Financial markets shadowed the Federal Reserve for much of the year, waiting nervously for the tapering of the most unprecedented monetary stimulus in history to commence. Good news became bad news as improving economic data including stronger job numbers for the July-through- September period led to concerns that the Fed was about to end its bondbuying program and subsequently bring an abrupt halt to its support of the economy and, indirectly, equity markets.
In December, the Fed ended conjecture by putting forth a plan for "measured" tapering.

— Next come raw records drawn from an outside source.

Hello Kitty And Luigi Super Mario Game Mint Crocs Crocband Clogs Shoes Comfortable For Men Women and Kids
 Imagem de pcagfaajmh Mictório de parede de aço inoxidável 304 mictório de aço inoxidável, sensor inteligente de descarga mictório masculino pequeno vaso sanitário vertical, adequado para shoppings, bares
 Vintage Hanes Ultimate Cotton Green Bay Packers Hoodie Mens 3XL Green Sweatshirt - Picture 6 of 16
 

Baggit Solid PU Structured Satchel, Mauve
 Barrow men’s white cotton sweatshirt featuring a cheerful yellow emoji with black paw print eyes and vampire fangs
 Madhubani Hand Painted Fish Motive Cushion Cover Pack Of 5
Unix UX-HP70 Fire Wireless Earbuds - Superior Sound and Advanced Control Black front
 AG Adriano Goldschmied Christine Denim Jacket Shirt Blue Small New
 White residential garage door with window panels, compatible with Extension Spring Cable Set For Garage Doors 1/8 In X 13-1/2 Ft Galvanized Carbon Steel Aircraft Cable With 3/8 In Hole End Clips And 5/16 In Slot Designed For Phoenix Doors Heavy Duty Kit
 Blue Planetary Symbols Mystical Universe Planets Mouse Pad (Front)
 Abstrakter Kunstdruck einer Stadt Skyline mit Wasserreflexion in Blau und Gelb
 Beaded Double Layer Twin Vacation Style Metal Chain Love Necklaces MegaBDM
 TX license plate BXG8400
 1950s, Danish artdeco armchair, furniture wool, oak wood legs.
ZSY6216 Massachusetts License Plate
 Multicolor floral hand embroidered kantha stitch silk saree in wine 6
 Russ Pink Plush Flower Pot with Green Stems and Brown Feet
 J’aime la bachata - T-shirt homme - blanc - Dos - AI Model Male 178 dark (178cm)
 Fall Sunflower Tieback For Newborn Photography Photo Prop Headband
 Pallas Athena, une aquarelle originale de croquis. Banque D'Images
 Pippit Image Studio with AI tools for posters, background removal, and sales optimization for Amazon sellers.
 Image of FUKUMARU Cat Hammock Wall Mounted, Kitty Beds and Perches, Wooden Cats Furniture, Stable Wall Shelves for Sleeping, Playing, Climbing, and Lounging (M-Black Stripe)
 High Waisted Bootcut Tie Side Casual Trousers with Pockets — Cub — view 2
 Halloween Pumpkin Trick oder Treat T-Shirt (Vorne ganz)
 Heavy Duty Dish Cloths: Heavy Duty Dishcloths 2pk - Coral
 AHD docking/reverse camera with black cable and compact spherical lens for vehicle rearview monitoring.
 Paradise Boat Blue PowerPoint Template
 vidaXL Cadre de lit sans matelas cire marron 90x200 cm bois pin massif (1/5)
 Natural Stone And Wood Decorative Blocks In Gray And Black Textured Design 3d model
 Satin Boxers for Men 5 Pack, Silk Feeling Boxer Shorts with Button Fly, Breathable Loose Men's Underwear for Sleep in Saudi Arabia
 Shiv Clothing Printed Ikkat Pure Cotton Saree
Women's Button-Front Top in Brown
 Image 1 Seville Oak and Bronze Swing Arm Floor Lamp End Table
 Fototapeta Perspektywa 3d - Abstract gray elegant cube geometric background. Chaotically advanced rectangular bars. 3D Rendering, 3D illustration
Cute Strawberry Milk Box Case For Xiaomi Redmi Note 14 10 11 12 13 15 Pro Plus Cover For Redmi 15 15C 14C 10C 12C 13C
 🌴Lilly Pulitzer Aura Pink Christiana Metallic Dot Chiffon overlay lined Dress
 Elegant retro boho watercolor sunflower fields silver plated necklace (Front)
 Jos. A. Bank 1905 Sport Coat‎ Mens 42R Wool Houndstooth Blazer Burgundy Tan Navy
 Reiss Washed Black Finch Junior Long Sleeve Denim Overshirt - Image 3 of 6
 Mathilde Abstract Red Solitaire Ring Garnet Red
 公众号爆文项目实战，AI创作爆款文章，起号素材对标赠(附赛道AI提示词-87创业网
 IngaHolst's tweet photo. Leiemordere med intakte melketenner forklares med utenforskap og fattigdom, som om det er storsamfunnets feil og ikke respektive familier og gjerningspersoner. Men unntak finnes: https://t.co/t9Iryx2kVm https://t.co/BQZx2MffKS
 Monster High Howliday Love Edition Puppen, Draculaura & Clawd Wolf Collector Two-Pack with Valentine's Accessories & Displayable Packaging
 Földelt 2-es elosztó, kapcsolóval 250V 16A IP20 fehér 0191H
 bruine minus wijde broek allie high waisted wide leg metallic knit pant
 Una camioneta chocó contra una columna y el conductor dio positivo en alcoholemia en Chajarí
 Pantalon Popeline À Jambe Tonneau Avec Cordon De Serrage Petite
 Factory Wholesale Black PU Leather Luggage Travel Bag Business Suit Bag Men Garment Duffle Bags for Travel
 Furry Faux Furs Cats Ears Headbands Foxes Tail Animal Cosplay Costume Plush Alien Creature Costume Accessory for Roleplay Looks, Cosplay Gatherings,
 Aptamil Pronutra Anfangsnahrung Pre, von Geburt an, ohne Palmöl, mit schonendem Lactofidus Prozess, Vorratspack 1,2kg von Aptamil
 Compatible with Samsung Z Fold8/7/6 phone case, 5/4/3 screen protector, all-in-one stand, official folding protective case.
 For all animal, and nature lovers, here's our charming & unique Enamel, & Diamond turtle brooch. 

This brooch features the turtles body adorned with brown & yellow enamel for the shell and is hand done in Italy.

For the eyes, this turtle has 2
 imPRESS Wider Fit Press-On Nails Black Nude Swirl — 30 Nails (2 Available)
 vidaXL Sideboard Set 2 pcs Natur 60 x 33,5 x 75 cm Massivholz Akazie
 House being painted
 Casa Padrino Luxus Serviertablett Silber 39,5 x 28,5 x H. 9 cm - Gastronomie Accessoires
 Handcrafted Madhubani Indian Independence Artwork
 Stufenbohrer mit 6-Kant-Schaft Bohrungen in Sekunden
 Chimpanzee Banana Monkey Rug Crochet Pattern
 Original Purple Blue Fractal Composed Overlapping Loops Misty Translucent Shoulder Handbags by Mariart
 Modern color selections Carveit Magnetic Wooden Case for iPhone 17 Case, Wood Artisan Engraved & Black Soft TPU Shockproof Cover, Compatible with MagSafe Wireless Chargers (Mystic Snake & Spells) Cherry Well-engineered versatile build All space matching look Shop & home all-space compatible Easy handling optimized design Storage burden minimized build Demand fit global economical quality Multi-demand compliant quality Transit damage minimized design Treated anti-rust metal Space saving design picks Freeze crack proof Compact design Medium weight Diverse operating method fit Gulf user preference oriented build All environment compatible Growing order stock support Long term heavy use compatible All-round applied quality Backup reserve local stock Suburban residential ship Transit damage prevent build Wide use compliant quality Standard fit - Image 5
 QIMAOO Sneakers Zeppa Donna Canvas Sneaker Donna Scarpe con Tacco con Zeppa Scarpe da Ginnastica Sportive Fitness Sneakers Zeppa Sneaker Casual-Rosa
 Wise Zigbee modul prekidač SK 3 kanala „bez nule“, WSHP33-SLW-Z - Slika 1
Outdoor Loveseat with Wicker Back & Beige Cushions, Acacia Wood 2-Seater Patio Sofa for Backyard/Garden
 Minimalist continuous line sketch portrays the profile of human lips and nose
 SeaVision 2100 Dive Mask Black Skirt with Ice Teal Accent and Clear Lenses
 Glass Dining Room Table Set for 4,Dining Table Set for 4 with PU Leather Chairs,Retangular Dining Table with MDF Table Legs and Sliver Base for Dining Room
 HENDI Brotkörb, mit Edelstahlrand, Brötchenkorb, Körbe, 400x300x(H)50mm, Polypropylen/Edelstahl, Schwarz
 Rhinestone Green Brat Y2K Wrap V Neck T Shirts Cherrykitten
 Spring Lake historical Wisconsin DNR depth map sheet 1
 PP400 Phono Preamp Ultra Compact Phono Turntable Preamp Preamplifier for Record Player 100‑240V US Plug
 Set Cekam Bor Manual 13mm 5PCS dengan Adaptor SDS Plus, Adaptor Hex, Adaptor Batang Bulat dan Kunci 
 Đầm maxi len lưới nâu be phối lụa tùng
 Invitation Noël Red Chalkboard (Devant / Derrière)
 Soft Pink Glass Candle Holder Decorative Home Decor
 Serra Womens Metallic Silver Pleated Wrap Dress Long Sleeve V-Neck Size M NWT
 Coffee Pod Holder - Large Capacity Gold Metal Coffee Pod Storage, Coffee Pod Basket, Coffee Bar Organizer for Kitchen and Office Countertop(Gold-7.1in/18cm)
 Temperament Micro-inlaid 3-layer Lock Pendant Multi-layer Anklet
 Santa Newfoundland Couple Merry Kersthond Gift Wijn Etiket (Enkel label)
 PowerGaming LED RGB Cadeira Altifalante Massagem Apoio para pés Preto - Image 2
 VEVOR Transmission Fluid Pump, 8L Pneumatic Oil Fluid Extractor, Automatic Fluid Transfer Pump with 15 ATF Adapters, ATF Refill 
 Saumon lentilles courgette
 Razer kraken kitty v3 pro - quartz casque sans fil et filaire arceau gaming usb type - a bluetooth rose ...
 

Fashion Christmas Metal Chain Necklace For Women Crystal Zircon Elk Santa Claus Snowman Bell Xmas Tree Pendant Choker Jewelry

Reiterating that he believed the economy was in a moderate recovery phase, Chairman Bernanke announced that, beginning in January, the Fed will reduce monthly purchases of Treasuries and mortgage-backed securities by $10 billion, to $75 billion, and will continue to dial back the program steadily throughout the year as long as the economy continues to advance without such support. During the process, the Fed Funds Rate will remain unchanged until 2015.
Thanks in part to the Chairman’s reassuring tactics which left all options open should the economy once again falter, and perhaps partially due to lessons learned during the Fed’s dress rehearsal announcement earlier in the summer, financial markets responded favorably. Rather than the massive sell off predicted earlier, the Dow responded by posting one of the best days of the year. Interest rates rose slightly but did not spike as they did with the Fed’s original announcement.
Figure 1. Monthly job gains averaged 182,000 in 2013.
Job Gains Continue to Hold Key to Economic Expansion
Monthly job gains averaged 182,000 for the year, largely unchanged from 2012. However, job gains picked up steam as the year advanced, and employers added an average of 200,000 jobs a month from August through November. This helped to lower the unemployment rate to 6.7%, a five-year low.
Other economic indicators including expansion in manufacturing, stronger exports and better than anticipated GDP growth also seemed to indicate that the expansion was strengthening after two tepid years. GDP growth was revised up to 4.1% for third quarter, the most recent available, the fastest pace since 2011. Consumer confidence and spending picked up which is critical to economic expansion as approximately 70% of GDP is driven by consumer consumption. The housing market had one of its best years and housing starts, new home prices and building permits posted double-digit growth despite a mid-summer 50 basis points uptick in traditional mortgage rates.
Not all indicators were positive. The labor participation rate declined to 62.8%, a 35-year low. There has been little wage growth in the last few years as employers have tightened costs and tried to get as much from existing employees as possible without adding to their payrolls. Some increased consumer spending was attributable to the wealth effect. Despite the tepid economic expansion, 2013 was a great year for the equity markets and the S&P 500 return of over 32% was a top-ten year for the modern era of markets.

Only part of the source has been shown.